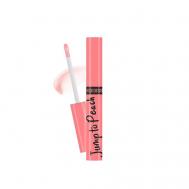 Блеск для губ меняющий цвет Jump to Peach Belor Design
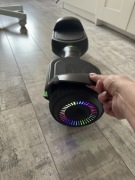 Deskorolka elektryczna Rebel Cruiser Black 6,5" czarna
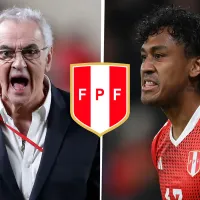 Renato Tapia está resentido con la Selección Peruana y mandó letal dardo a Jorge Fossati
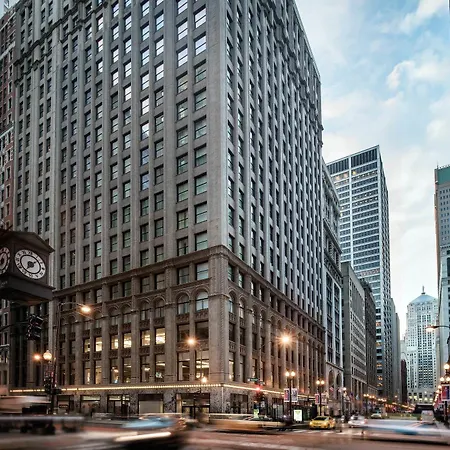 Hotel By Marriott Downtown/loop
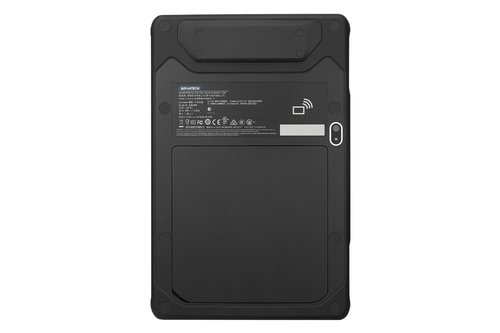 Advantech AIM-68S Tablet - 25,7 cm (10,1 Zoll) WUXGA - 8 GB Speicher - 128 GB SSD - Windows 11 IoT Enterprise - Dunkelgrau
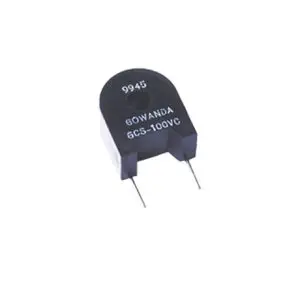 Vertical Mount Potted Current Sense Transformer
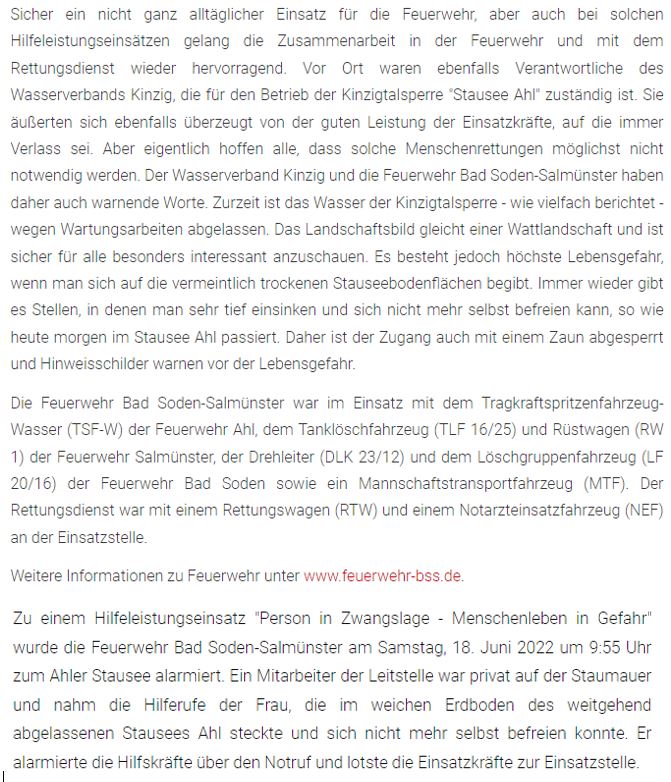 2022 06 18 Vorsprung online Person in Zwangslage Stausee Ahl 003
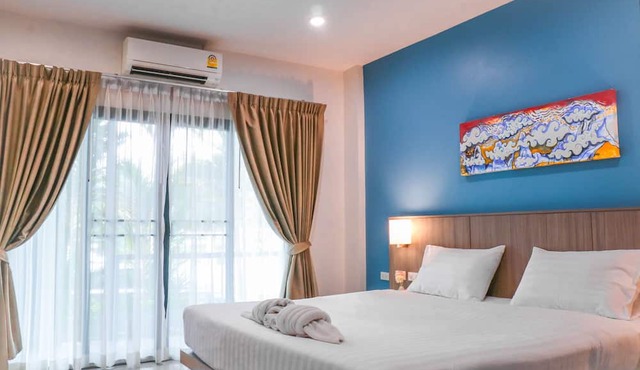 S2 Airport Residence in Sa Khu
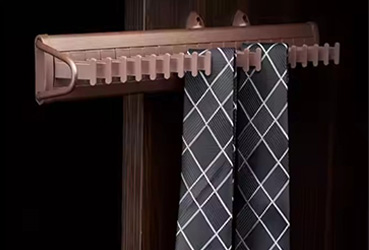 Luxurious Wardrobe Storage System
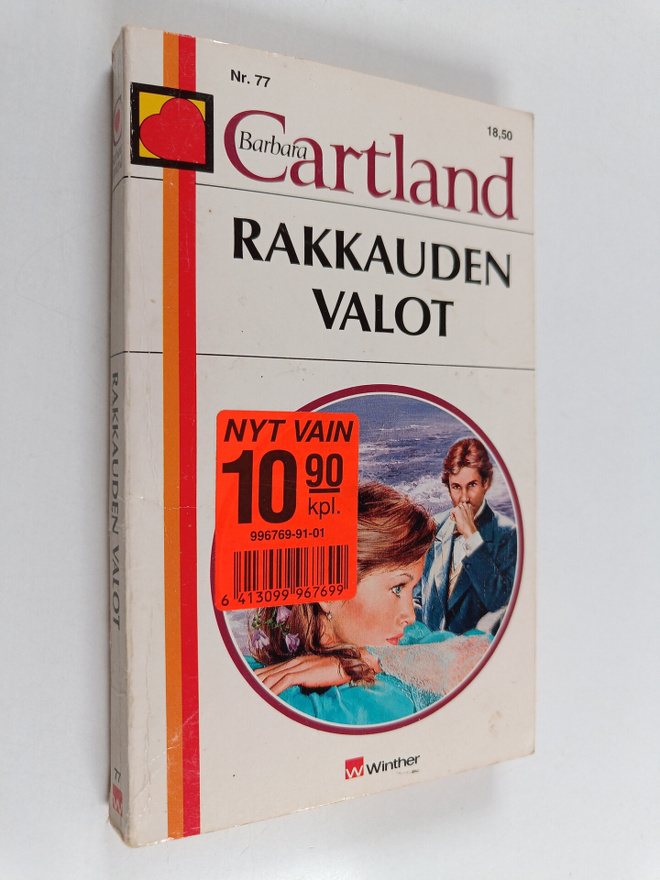 Barbara Cartland : Rakkauden valot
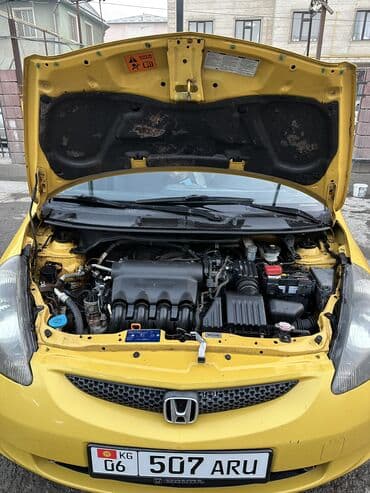 горный мотоцикл цена: Honda Jazz: 2004 г., 1.3 л, Механика, Бензиновая, Хэтчбэк — 2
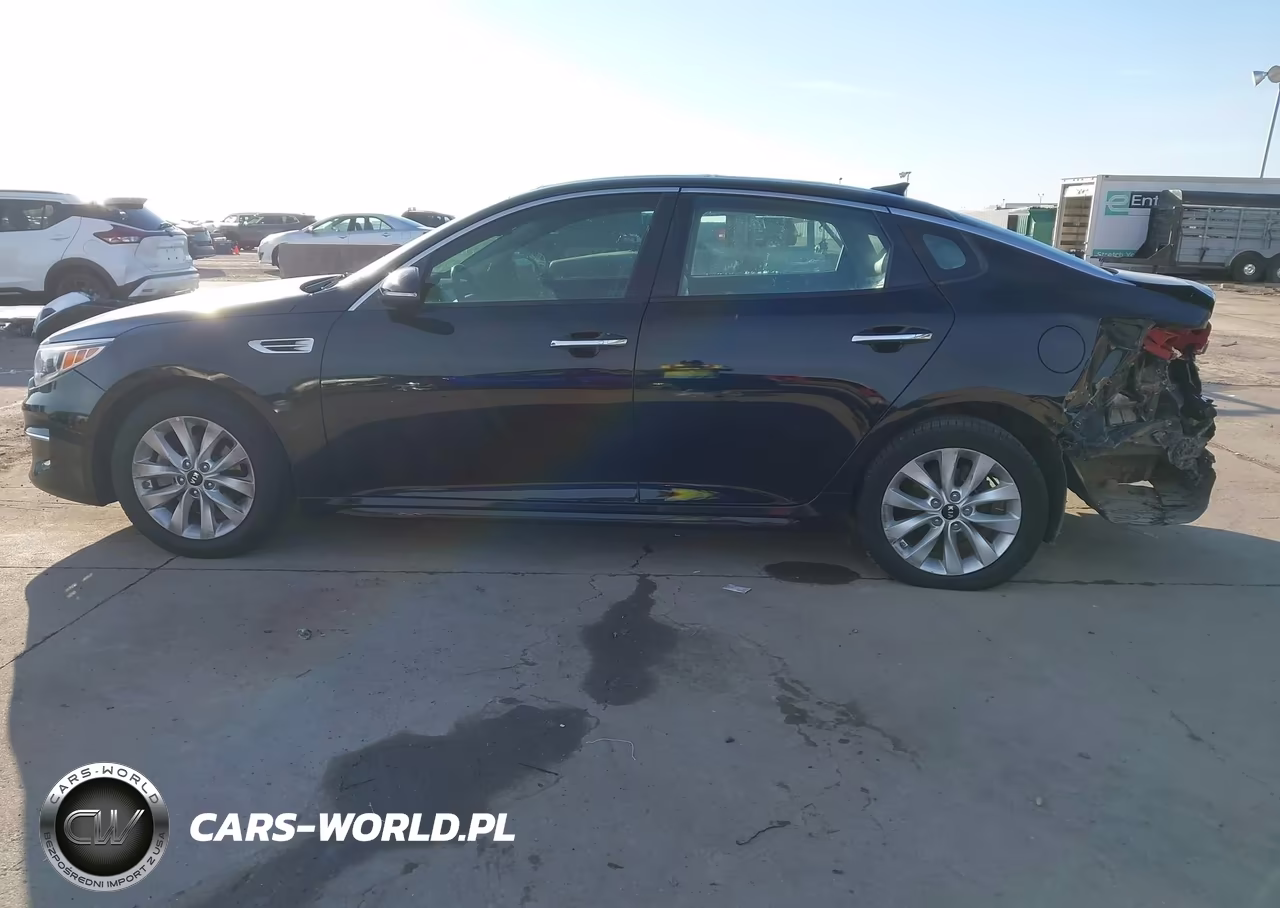 2016 Kia Optima Ex VIN:5XXGU4L34GG063398 - 14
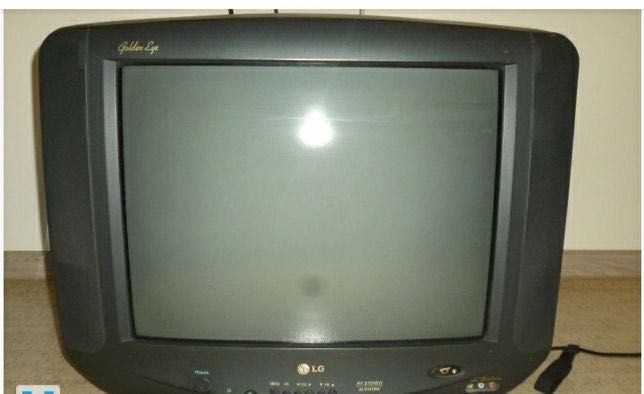 Телевизор кинескопный LG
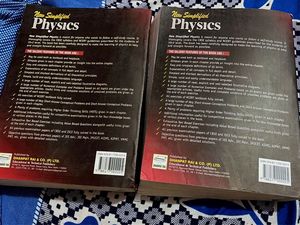 New Simplified Physics Books Vol I &amp; II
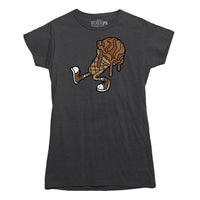 Le meilleur t-shirt de cornet de crème glacée au chocolat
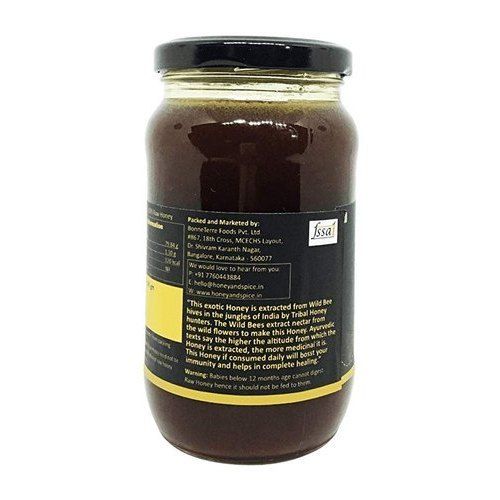 Rich Taste Organic Honey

⁂

### What you have to do
Keep to the lines above from the line with "Hotel By Marriott Downtown/loop" to the line with "Barbara Cartland : Rakkauden valot", and set down exactly those, inclusive, with nothing else and every picture left out.

### Completed task
 Hotel By Marriott Downtown/loop
 Advantech AIM-68S Tablet - 25,7 cm (10,1 Zoll) WUXGA - 8 GB Speicher - 128 GB SSD - Windows 11 IoT Enterprise - Dunkelgrau
 Vertical Mount Potted Current Sense Transformer
 2022 06 18 Vorsprung online Person in Zwangslage Stausee Ahl 003
 S2 Airport Residence in Sa Khu
 Luxurious Wardrobe Storage System
 Barbara Cartland : Rakkauden valot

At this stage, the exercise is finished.